Her radio squawked. “Command, this is Metro K-9 Handler Krauss. K-9 Rebel has alerted. Exterior trash bin, women’s public restroom immediately southwest of Constitution Gardens Pond.”
“Shit,” Bree said, got to her feet, and ran to the opposite window as she ordered the officer and his dog back. She saw them trotting north toward open ground and heard the sirens of the other two bomb squads rushing to the new site.
Were there more IEDs? Bree wondered. All set to go off at 8:26?
It was
8:18 as the tactical vans skidded to a stop well back from the restroom. If the bomb was timed to go off at 8:26, they had eight minutes. As before, officers and agents in heavy protective gear and visors poured out of the vans.
There was brief radio chatter regarding tactics before Denton said, “Command, I recommend we move straight to the bomb mats and blankets. No time for the robot.”
“No other options?” Bree said.
“We let it blow.”
8:19. Seven minutes.
“Mats and blankets,” Bree said. She now spotted police and news helicopters hovering outside the no-fly zone that covered much of the Mall, and all of the White House grounds to the north.
“Command, we have a Caucasian male in camo gear on the west Mall,” an officer called.
Bree swung the binoculars and spotted him. The man was wearing filthy military desert fatigues, dancing in circles and shouting at the sky, on the lawn north of the Ash Woods. Officers ran toward him, shouting at him to get down.
Bree focused her binoculars on the man. Tall, lanky, bearded, grimy, with matted dark hair and wild eyes, he saw them coming and took off toward the reflecting pool. Before they could catch him he darted through the trees, across a path, and jumped into the pool.

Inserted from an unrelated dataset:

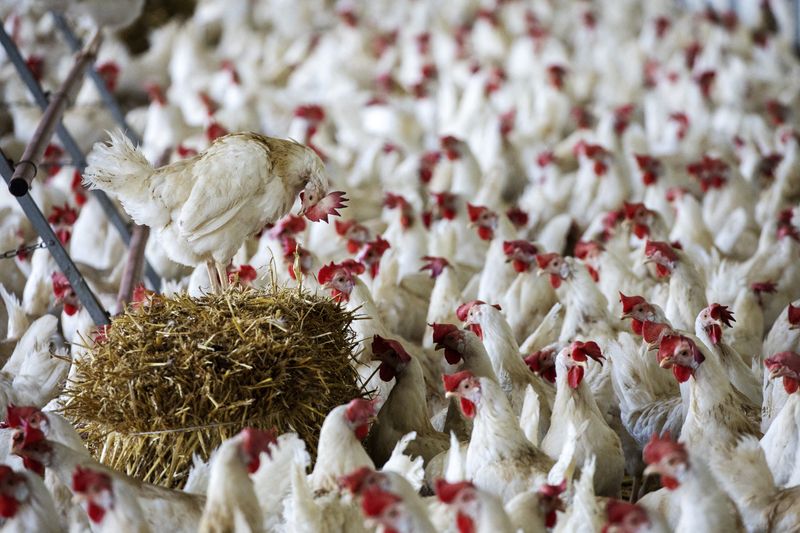 FILE PHOTO: Swiss vote to ban factory farming
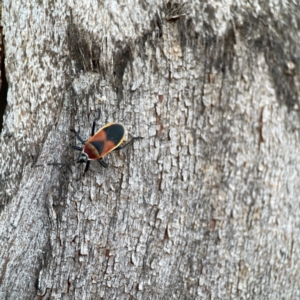 Dindymus versicolor at Ainslie, ACT - 12 Sep 2023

He waded fast toward the center of the pool, heading almost directly toward the bomb squads and the restrooms. The water was well above his knees when he stopped, reached into his pants pocket, and slipped out a Glock pistol.
“Gun!” she barked into the radio. “Repeat, suspect in reflecting pool is armed.”
The police and FBI agents closing on the pool all had their weapons drawn now, shouting at the man to drop his pistol even as the bomb teams approached the restrooms north of the reflecting pool.
The man ignored the warnings. He sat down in the water, which came up to his chest. Holding the Glock overhead, he released the clip, which fell and disappeared below the surface. He ran the action next and ejected the round from the chamber before expertly stripping the weapon down to its components. Every bit of the gun was in pieces and sunk in under thirty seconds.
The officers were in the pool with him now, wading toward him, training their weapons on him, when he flopped back and disappeared into the water.
What the hell is that guy doing? Bree thought. She turned her attention back to the restroom and the first four members of the bomb squad who were close, maybe twelve feet from the second trash can, preparing to lay down the first mat.
She glanced at her watch. 8:23. Three minutes to spare.
She exhaled with relief as the bomb experts lifted the mat over the can—and the IED exploded in a brilliant, fiery red and yellow flash.
Chapter 4
Thirty-four-year-old Kate Williams was curled up in the fetal position in the overstuffed chair opposite me, in the basement office where I’d been seeing patients since being suspended from DC Metro five months before.
“I’ll end up killing myself, Dr. Cross,” Kate said. “Probably not today or tomorrow. But it’s going to happen. I’ve known that since I was nine years old.”
Her voice was flat, her expression showing the anger, fear, and despair that her tone didn’t betray. Tears welled and slipped from eyes that would not meet mine.
I took her threat seriously. From her records, I knew some of the damage she’d done to herself already. Kate’s teeth were stained from drug abuse. Her dirty blond hair was as thin and brittle as straw, and she wore a long-sleeve Electric Daisy Carnival T-shirt to hide evidence of cutting.
“Is that when it started?” I asked. “When you were nine?”
Kate wiped at her eyes furiously. “You know, I’m not talking about it anymore. Digging around back there never helps. Just pushes me to pull the plug on sobriety, on everything, sooner.”
I set my notepad aside, sat forward with my palms up and said, “I’m just trying to understand your history clearly, Kate.”
She crossed her arms. “And I’m just trying to hang on, Doc. The court ordered me here as a term of my probation, otherwise I gotta tell you, I’d be a no-show.”